Começou Iúri Leitão como corredor activo na dupla portuguesa e a primeira rendição não foi famosa, com uma pequena hesitação da dupla. Os portugueses fizeram uma primeira parte de prova discreta, na cauda do grupo, sem capacidade para irem aos sprints.

O motivo pareceu ser provocado pela posição ir na traseira do grupo, que faz os ciclistas apanharem as rendições adversárias à frente, obrigando-os a desvios que impedem a trajectória “limpa” e obrigam a esforço adicional.

Antes do quarto sprint, uma rendição na parte superior da pista, “às escondidas” de toda a gente, permitiu a Leitão atacar no ângulo morto dos adversários e seguir sozinho para conquistar uma volta. Isso permitiu ir buscar os cinco pontos do sprint e acabou por haver um esforço conjunto com a dupla espanhola. Não estava fácil ir buscar pontos de volta, mas os de sprint deixavam Leitão e Iúri na liderança da prova.

A corrida acalmou nessa fase, com pelotão compacto durante algumas voltas e com quase todos a recuperarem energias do arranque intenso.

Mais à frente, a dupla italiana, em posição de ouro, ainda conseguiu ir buscar 20 pontos de volta de avanço, aproveitando um erro táctico de várias equipas que encabeçavam o pelotão e escolheram rendições segundos depois do ataque italiano.

Um ataque franco-espanhol pouco depois criou nos portugueses a sensação de que aquela movimentação não poderia ser perdida, parando a aventura dessas duplas. Muito boa leitura de corrida de Rui Oliveira, nesse caso.

Estávamos a meio da prova, com Portugal no sétimo lugar, posição que baixou com o passar das voltas. A dupla portuguesa parecia não ter “peito” suficiente para ataques – teve pelo menos duas oportunidades, com posição na cabeça do grupo. De resto, rolou quase sempre na traseira do pelotão.

A 45 voltas do fim, a corrida portuguesa poderia definir-se: se a fuga com Espanha, Dinamarca e Itália tivesse sucesso, as medalhas ficariam à mercê.
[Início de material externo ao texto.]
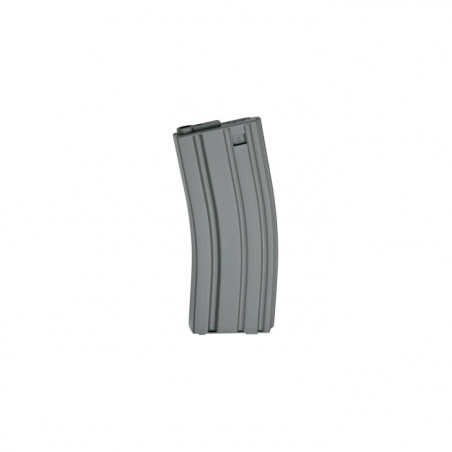 Chargeur ASG AEG M4 - Boite de 10
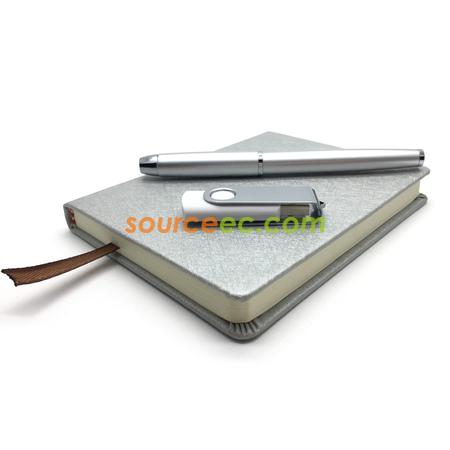 Customization USB Corporate Gift Set Promotional Products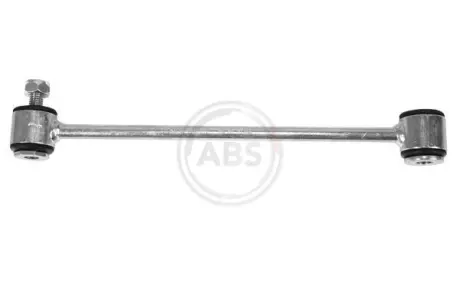 Тяга стабілізатора л/п ABS 260409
Sem sucesso, teria sido, provavelmente, desgaste decisivo.

Houve aliança com a Nova Zelândia e Japão logo a seguir, numa fase de prova completamente louca, sem pelotão definido, e os companheiros de aventura distraíram-se num segundo, após uma rendição japonesa algo trapalhona, deixando Portugal seguir sozinho.

Era ali ou não era mais. Com volta de avanço, era medalha. Sem volta, dificilmente seria. E deu mesmo volta. Portugal em posição de prata. E logo a seguir de ouro, com sprint bonificado.

Era previsível? Não. Foi bonito? Foi. E quem disse que eles a meio da prova não pareciam ter força para ataques? Não foi neste texto que leram de certeza.